Today they came down to site to tell us that our paid break will only be paid for half of it, so 15 minutes paid break and 15 minutes unpaid. And our lunch time is now 45 minutes and then we have to go back on site. The upshot being that we will not be paid for the extra time we have to work.

Yup, they want us to work for free.

They claim that this is only for 15 minutes, but if we're losing half our paid break (15 minutes) and then being told to get back on site 15 minutes early, I'm fairly certain that adds up to 30 minutes in total.

Now, the union's position is that the half hour tea break has always been paid, it is custom and practice and that if our unit want's staff to work longer hours then they should pay them accordingly.

Except our senior management are ignoring this and claiming that they aren't changing our working hours....

...despite the fact we're going to be working longer and not being paid for it.

My question is, has anyone else ever encountered anything like this? As of yet I haven't received anything in writing saying that I have to work longer hours, only a verbal discussion with our operations manager. Does anyone have any recommendations as how to fight this? Is it even possible to fight it? I've been working in Commercial for 4 years and it the first time I've come across something like it.

So, answers on a post card please.

Or alternatively, post below.

How much break time do you get?

The amount of break time you get is usually agreed with your employer. It may be written down somewhere (eg in your contract of employment) or might just be part of your employer's standard practice.
Your employer must give you at least the rest breaks required by the Working Time Regulations. They must also ensure that your health and safety is not put at risk. This means that your employer might have to give you more than the amount set out in the regulations, if this reduces a health and safety risk.

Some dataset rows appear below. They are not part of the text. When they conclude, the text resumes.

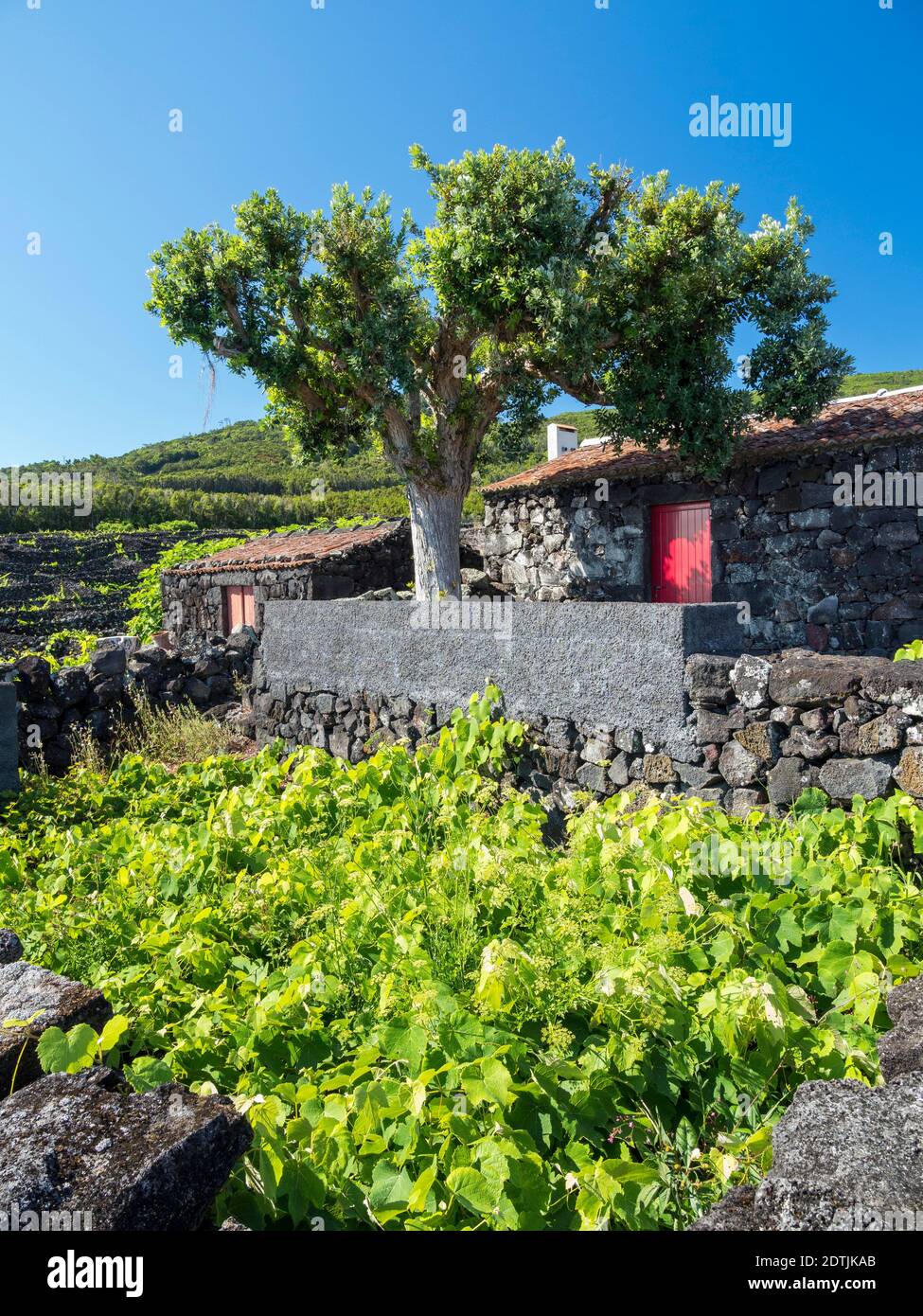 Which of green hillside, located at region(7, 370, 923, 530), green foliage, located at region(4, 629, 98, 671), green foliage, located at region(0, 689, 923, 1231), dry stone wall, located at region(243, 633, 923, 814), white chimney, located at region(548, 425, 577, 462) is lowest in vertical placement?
green foliage, located at region(0, 689, 923, 1231)

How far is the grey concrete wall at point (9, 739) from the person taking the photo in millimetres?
7488

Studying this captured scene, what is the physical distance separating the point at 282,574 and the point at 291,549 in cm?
110

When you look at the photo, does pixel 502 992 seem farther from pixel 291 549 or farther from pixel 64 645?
pixel 64 645

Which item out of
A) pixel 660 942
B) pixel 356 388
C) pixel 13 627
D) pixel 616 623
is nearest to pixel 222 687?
pixel 356 388

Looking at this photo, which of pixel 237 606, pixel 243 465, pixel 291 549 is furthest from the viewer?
pixel 243 465

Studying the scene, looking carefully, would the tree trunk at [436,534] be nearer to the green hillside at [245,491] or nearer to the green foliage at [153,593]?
the green foliage at [153,593]

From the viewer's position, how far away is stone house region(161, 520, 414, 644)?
15.1 m

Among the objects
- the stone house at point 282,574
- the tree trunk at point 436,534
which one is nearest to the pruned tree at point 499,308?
the tree trunk at point 436,534

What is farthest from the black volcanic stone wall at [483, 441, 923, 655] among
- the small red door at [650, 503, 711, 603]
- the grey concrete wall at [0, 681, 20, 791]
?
the grey concrete wall at [0, 681, 20, 791]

As an adult worker (over 18), you will normally have the right to a 20 minute rest break if you are expected to work more than six hours at a stretch.
A lunch or coffee break can count as your rest break. Additional breaks might be given by your contract of employment. There is no statutory right to 'smoking breaks'.
The requirements are:

  • the break must be in one block
  • it cannot be taken off one end of the working day - it must be somewhere in the middle
  • you are allowed to spend it away from the place on your employer's premises where you work
  • your employer can say when the break must be taken, as long as it meets these conditions

Also note the statement:

Quote:The amount of break time you get is usually agreed with your employer. It may be written down somewhere (eg in your contract of employment) or might just be part of your employer's standard practice.

I always went for 37.5 hour week.. which equals 7.5 hours a day and lunch... so you were getting a generous break, however, the contract will show your breaks... you do have a contract ?? :face-huh:

Ps ensure the location of this site or the company is not possible to work out. You can't (to my mind) change a contract without agreement....

If your employer wants to change your contract

If your employer wants to make changes, they should
  • consult you or your representative (for example, a trade union official)
  • explain the reasons why
  • listen to alternative ideas
Please also read this
What if you and your employer don't agree?

If you don't agree, your employer is not allowed to just bring in a change. However, they can terminate your contract (by giving notice) and offer you a new one including the revised terms - effectively sacking you and taking you back on. Your employer would be expected to follow a statutory minimum dismissal procedure. They may have to follow a collective redundancy consultation process if they plan to do this to a group of employees.
Care to detail what type of infrastructure project? In particular is the client civil service?
This sounds shocking! I'm becoming more aware of a squeeze coming down from on high (the clients) their excuse being 'the recession'. But from what I've seen on sites its not us ripping people off, its all the 'dead men' on the books of the construction firms, deliberate delays, extortionate mark-ups and miss-management of projects.
Unitof1 Wrote:Care to detail what type of infrastructure project? In particular is the client civil service?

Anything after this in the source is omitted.